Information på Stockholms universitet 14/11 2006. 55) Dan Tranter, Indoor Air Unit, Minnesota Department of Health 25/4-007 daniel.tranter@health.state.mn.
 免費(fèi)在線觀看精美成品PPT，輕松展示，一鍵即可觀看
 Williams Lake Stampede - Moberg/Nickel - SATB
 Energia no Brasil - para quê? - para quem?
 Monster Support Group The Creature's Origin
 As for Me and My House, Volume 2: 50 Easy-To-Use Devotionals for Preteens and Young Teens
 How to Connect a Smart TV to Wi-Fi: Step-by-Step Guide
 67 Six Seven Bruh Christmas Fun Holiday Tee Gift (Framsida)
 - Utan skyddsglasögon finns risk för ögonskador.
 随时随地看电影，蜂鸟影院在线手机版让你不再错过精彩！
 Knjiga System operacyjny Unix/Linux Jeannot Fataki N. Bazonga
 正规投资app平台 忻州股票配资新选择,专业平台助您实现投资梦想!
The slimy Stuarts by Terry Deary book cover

HOW TO COMPLETE THIS TASK: Exact copies of the lines from the one holding "Knjiga System operacyjny" through the last line above, and only those, make up the answer.

OUTPUT OF THE EXERCISE:
 Knjiga System operacyjny Unix/Linux Jeannot Fataki N. Bazonga
 正规投资app平台 忻州股票配资新选择,专业平台助您实现投资梦想!
The slimy Stuarts by Terry Deary book cover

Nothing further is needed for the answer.